- Official 1973 portrait

Member of the Canadian Parliament for Dufferin—Simcoe
- In office April 1963 – June 1968
- Preceded by: William Earl Rowe
- Succeeded by: The electoral district was abolished in 1966.

Member of the Canadian Parliament for Peel—Dufferin—Simcoe
- In office October 1972 – May 1974
- Preceded by: Bruce Beer
- Succeeded by: William Ross Milne

Personal details
- Born: 15 January 1915 Melancthon, Ontario, Canada
- Died: 5 December 1999 (aged 84)
- Party: Progressive Conservative
- Spouse(s): Thelma Irene McGowan (m. 8 November 1941)
- Profession: businessman, farmer, insurance agent

= Ellwood Madill =

Canadian politician

John Ellwood Madill (15 January 1915 - 5 December 1999) was a Progressive Conservative party member of the House of Commons of Canada. He was born in Melancthon, Ontario.
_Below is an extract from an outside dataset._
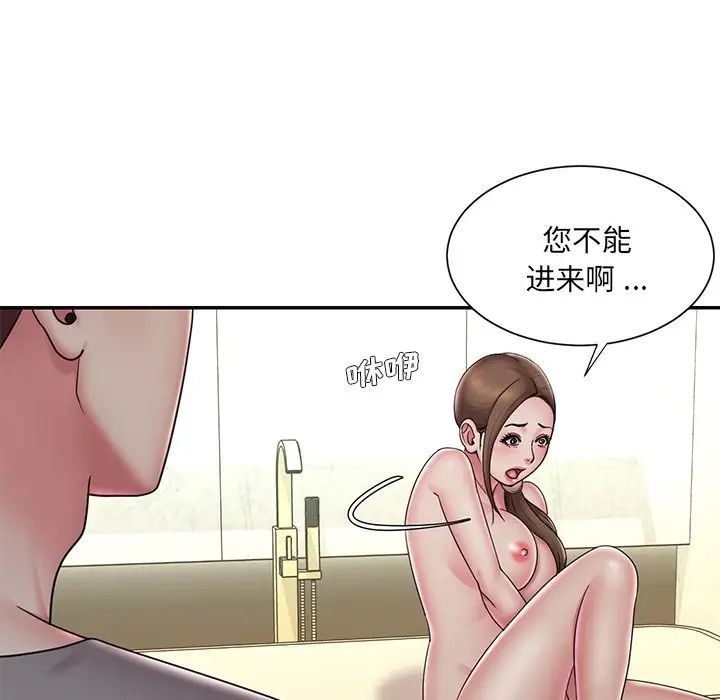 被抛弃的男人第37话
From 1952 to 1957, he was a municipal councillor for Mono Township, subsequently its deputy reeve to 1959, then reeve from that point until 1963. In 1962, he was warden of Dufferin County.

Elwood Madill was an insurance agent in Orangeville, Ontario when he won the local Progressive Conservative nomination for the Dufferin—Simcoe riding on 16 February 1963. Madill won that seat in the federal election later that year. He was re-elected to a second term in 1965.

Due to riding boundary realignments in 1966, Madill campaigned in the newly formed Peel—Dufferin—Simcoe riding in the 1968 election but lost to Bruce Beer of the Liberal party. Beer only served one term in Parliament before Madill won back Peel—Dufferin—Simcoe in the 1972 federal election. However, after his term in the 29th Parliament, Madill left federal political office after his defeat to Ross Milne in the 1974 federal election.

Besides his insurance practice, Madill was also a businessman and farmer during his career.